Fidelity estimates that the new fees, which became effective June 1, will save investors in the Fidelity Freedom Index Funds $3.2 million a year.
With this action, 21 of the 22 Fidelity Freedom Index Funds will have total net expenses lower than comparable Vanguard index target-date funds, Fidelity says. The investor share class of the Fidelity Freedom Index Fund has the same expenses as its Vanguard counterpart: 12 basis points.
Eric Kaplan, head of target-date product at Fidelity, tells PLANSPONSOR that Fidelity has continued to reduce the fees on these funds since their launch and that growth in assets under management has made it possible to do so. Last year, for example, Fidelity reduced the institutional premium share class fees on these funds from 10 basis points to 8 and the investor share class fees from 15 to 14.
As to why Fidelity decided to make these reductions now, Kaplan says, “Fidelity is continuously looking at the marketplace to ensure our fees are competitive. We are committed to choice and value across our full suite of target date strategies. From a bigger picture standpoint, we have been looking at our fees on all of our strategies, particularly on the index side.”

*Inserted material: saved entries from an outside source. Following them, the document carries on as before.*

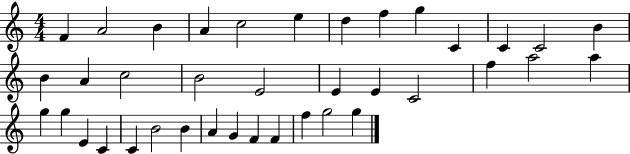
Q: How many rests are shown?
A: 0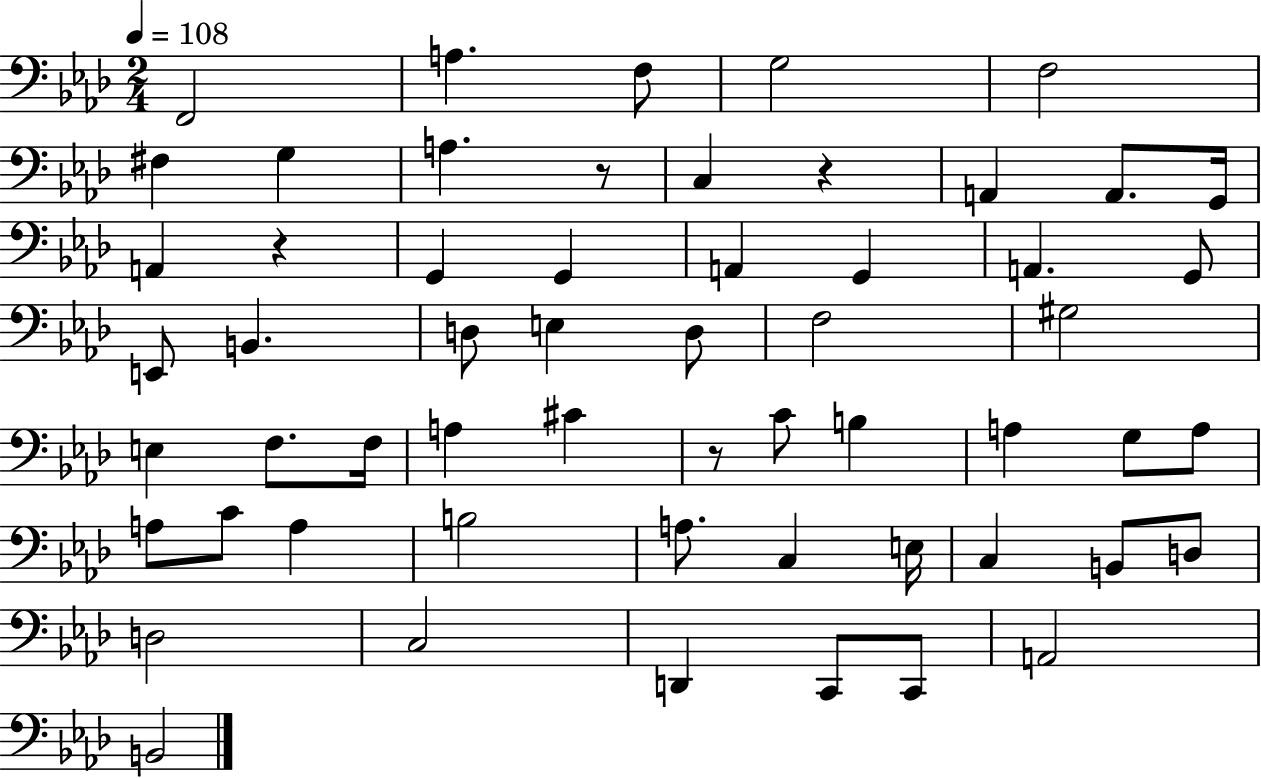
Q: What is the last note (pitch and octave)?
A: B2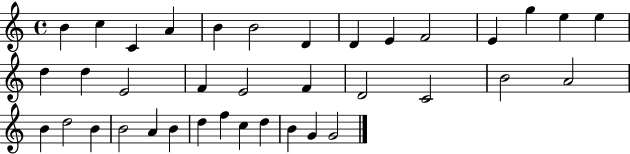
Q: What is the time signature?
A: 4/4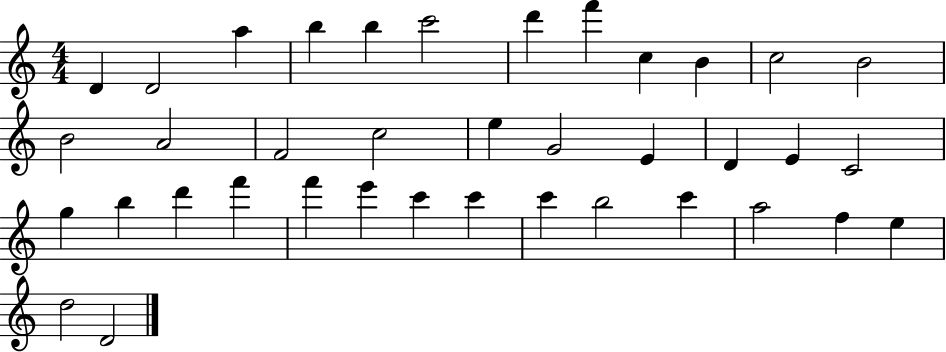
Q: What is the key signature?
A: C major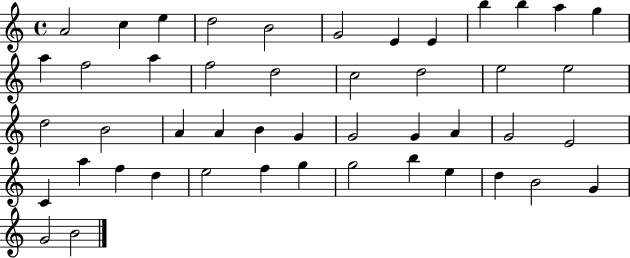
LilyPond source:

{
  \clef treble
  \time 4/4
  \defaultTimeSignature
  \key c \major
  a'2 c''4 e''4 | d''2 b'2 | g'2 e'4 e'4 | b''4 b''4 a''4 g''4 | \break a''4 f''2 a''4 | f''2 d''2 | c''2 d''2 | e''2 e''2 | \break d''2 b'2 | a'4 a'4 b'4 g'4 | g'2 g'4 a'4 | g'2 e'2 | \break c'4 a''4 f''4 d''4 | e''2 f''4 g''4 | g''2 b''4 e''4 | d''4 b'2 g'4 | \break g'2 b'2 | \bar "|."
}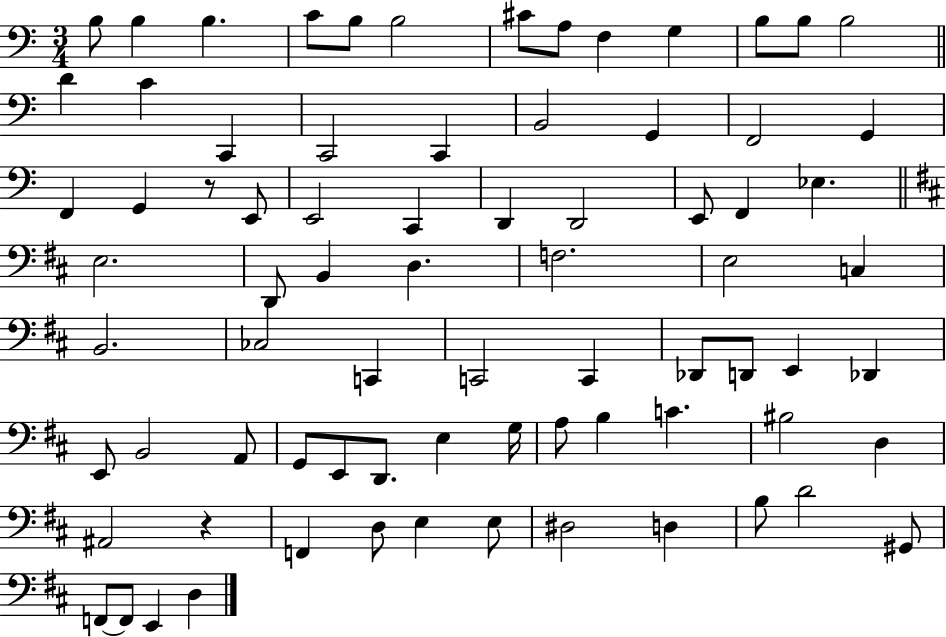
{
  \clef bass
  \numericTimeSignature
  \time 3/4
  \key c \major
  b8 b4 b4. | c'8 b8 b2 | cis'8 a8 f4 g4 | b8 b8 b2 | \break \bar "||" \break \key a \minor d'4 c'4 c,4 | c,2 c,4 | b,2 g,4 | f,2 g,4 | \break f,4 g,4 r8 e,8 | e,2 c,4 | d,4 d,2 | e,8 f,4 ees4. | \break \bar "||" \break \key b \minor e2. | d,8 b,4 d4. | f2. | e2 c4 | \break b,2. | ces2 c,4 | c,2 c,4 | des,8 d,8 e,4 des,4 | \break e,8 b,2 a,8 | g,8 e,8 d,8. e4 g16 | a8 b4 c'4. | bis2 d4 | \break ais,2 r4 | f,4 d8 e4 e8 | dis2 d4 | b8 d'2 gis,8 | \break f,8~~ f,8 e,4 d4 | \bar "|."
}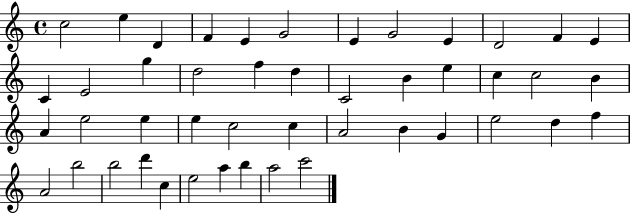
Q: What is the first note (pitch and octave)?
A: C5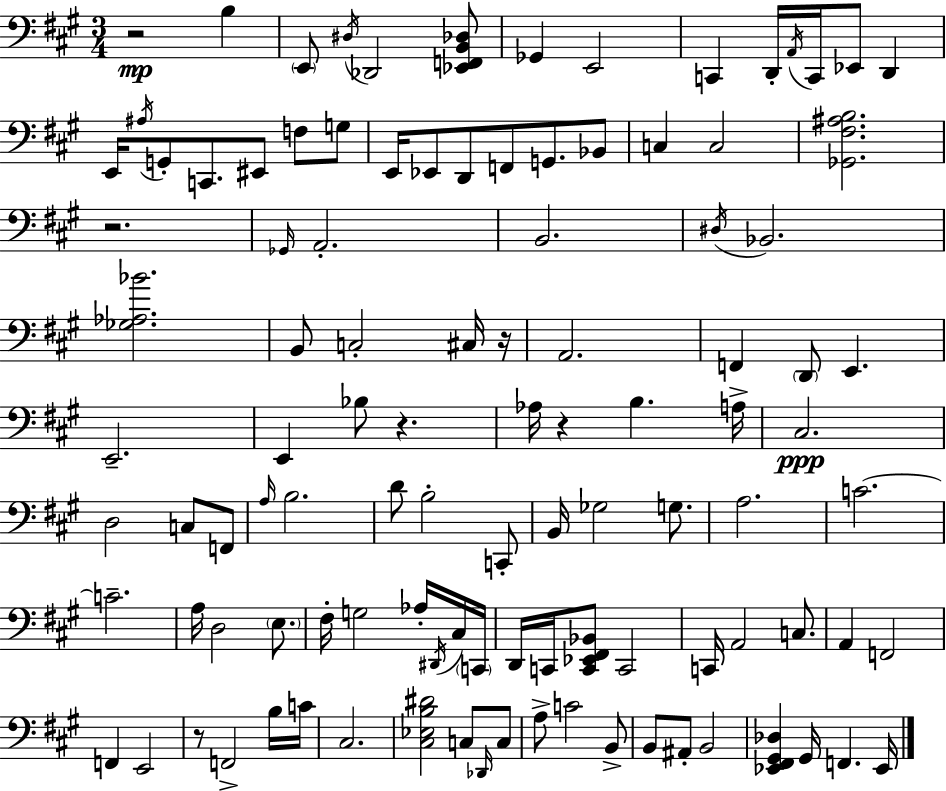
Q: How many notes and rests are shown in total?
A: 107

According to the the most recent 401k Averages book, investment fees continue to decline. All scenarios (expect one) saw a year-over-year decrease in total investment costs of between 0.01% and 0.03%.
Kaplan notes that retirement plans with less than $100 million in assets use the investor share class, with the institutional premium share class available to plans with assets greater than that amount.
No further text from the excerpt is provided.